In the often petty, tribal backwater of Irish politics, Kader thus had the air of someone for whom politics could never be a game. He was funny and urbane and immensely charming. He was as good at glad-handing, schmoozing, remembering names and constructing networks of contacts as any Fianna Fáil ward-heeler. But there was so much more at stake – a significant chunk of 20th century history.

Hence the bossiness. Kader simply didn’t have time for messing, for intellectual or organisational sloppiness, for the Irish love of talking about everything and doing nothing. He wasn’t a bully, but he did run meetings in a way that was utterly foreign to Irish mores. Discussion was quick, to the point and intended to be decisive. And the decisions were invariably the ones Kader wanted. People almost always found themselves agreeing with him, not just because he was charismatic and eloquent and possessed of a rigorous intelligence, but also because he was generally right. He didn’t allow himself the luxury of being wrong.

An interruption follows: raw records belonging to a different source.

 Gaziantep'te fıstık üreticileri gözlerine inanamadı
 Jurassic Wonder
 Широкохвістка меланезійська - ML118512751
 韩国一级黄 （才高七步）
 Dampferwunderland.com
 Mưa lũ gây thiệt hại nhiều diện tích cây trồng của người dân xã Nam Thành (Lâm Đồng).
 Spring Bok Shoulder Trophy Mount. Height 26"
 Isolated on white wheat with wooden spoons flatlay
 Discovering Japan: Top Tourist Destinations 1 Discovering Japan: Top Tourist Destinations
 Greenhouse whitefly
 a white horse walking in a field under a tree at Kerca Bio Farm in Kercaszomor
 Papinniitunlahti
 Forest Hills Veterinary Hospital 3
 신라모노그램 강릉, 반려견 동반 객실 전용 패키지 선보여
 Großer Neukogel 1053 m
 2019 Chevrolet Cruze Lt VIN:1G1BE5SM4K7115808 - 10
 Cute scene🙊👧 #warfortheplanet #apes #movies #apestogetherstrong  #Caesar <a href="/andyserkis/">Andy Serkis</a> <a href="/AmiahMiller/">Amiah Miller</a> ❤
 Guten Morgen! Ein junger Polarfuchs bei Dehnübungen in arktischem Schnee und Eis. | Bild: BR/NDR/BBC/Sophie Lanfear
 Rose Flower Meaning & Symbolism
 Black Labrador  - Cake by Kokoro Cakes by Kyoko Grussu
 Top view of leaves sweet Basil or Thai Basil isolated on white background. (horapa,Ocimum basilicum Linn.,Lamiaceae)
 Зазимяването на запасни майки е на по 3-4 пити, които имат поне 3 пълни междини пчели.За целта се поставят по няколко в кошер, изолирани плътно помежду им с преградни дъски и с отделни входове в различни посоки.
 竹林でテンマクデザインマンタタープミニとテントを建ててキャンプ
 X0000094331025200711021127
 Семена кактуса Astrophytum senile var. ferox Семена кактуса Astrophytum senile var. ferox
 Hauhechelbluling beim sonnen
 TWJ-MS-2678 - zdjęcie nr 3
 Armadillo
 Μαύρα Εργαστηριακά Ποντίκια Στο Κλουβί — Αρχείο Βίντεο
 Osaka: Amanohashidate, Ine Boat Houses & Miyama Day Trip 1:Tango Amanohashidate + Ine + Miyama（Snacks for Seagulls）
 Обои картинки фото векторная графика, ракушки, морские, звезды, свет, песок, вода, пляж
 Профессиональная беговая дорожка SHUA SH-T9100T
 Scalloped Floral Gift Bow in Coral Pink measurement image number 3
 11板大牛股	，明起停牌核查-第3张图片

Bossy, then, but never authoritarian. What makes Kader Asmal such an important figure in modern history is that he was that rarest of things – a non-authoritarian revolutionary. Revolutionaries have to believe they are right, and Kader was no exception. Indeed, the struggle against apartheid was one of the most clear-cut causes you could imagine, dangerously close to being a war between good and evil. Such circumstances are perfect for breeding an intolerance of dissent, an impatience with formalities.

Knowing you’re right is an essential asset when you’re struggling against an obscene power. It’s a deep danger when you have become the power. Hence the tendency of revolutions to produce tyrannies.

Kader was proud, occasionally imperious, always conscious of his own outstanding abilities. But he was deeply humble in the way that mattered most. He did not believe that any government, any authority, any movement could ever be good enough to dispense with accountability. He lived and breathed and loved the African National Congress and would certainly have given his life for it. But he didn’t believe it could ever be infallible. He knew with all his heart that everyone with power – including, eventually, himself – should be accountable, open to dissenting opinions and subject to the rule of law.

I had a very small example of this when I was editing Magillmagazine. The ICCL had commissioned a report (prescient as it happened) on child sexual abuse, but then decided not to publish it. It was leaked to us and we published its details. Kader ought to have been annoyed at this – he had been party to the decision not to publish. In fact, he was pleased. Even though it didn't suit him, he said it would be ludicrous to complain about the release of information.

This was a tiny foretaste of the immeasurably more important role he played in the establishment of democracy in South Africa. He had a significant influence on its liberal constitution, maintained a passionate belief that the oppressed must not become oppressors and spoke out against failures by his own beloved ANC. Of how many others can it be said that they remained so faithful in power to the principles they enunciated in opposition?

His return from exile was wonderful for his homeland and Ireland was just lucky to have had him for more than two decades. But he left a hole where the ideal Irish politician should be, a small, bustling, curious, courageous, indefatigable absence.